Gareth Southgate and his side have earned plenty of praise for the manner in which they went about their business, while opposite number Krasimir Balakov has been condemned after claiming to have been unaware of any incidents in the stands .
UEFA have once again been charged with the task of taking the lead in the fight against racism, with calls for more severe punishments to be administered continuing to grow in intensity.
European football’s governing body maintain that they have always taken the hardest possible line against offenders and will continue to do so after seeing an unwelcome debate sparked once more.
A statement released by UEFA president Aleksander Ceferin read: "There were times, not long ago, when the football family thought that the scourge of racism was a distant memory.

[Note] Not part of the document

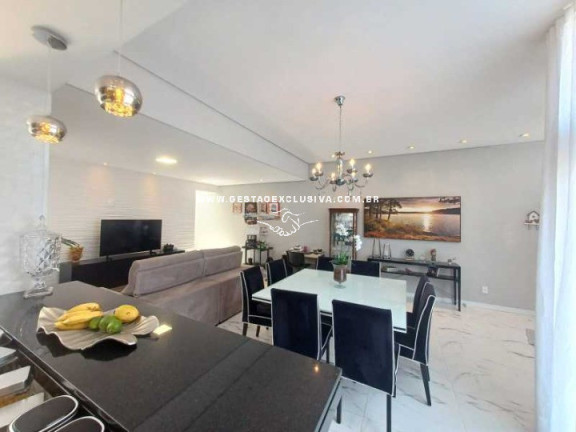 Imagem Casa com 3 Quartos à Venda, 122 m² em Vila Prudente De Moraes - Itatiba Imagem Casa com 3 Quartos à Venda, 122 m² em Vila Prudente De Moraes - Itatiba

"The last couple of years have taught us that such thinking was, at best, complacent. The rise of nationalism across the continent has fuelled some unacceptable behaviour and some have taken it upon themselves to think that a football crowd is the right place to give voice to their appalling views.
"As a governing body, I know we are not going to win any popularity contests. But some of the views expressed about UEFA’s approach to fighting racism have been a long way off the mark.

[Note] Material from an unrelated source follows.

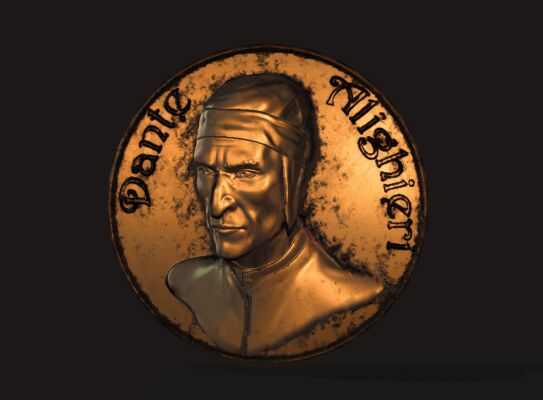 img4112711.png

"UEFA, in close cooperation with the FARE network (Football Against Racism Europe), instituted the three-stage protocol for identifying and tackling racist behaviour during games.
"UEFA’s sanctions are among the toughest in sport for clubs and associations whose supporters are racist at our matches. The minimum sanction is a partial closure of the stadium – a move which costs the hosts at least hundreds of thousands in lost revenue and attaches a stigma to their supporters.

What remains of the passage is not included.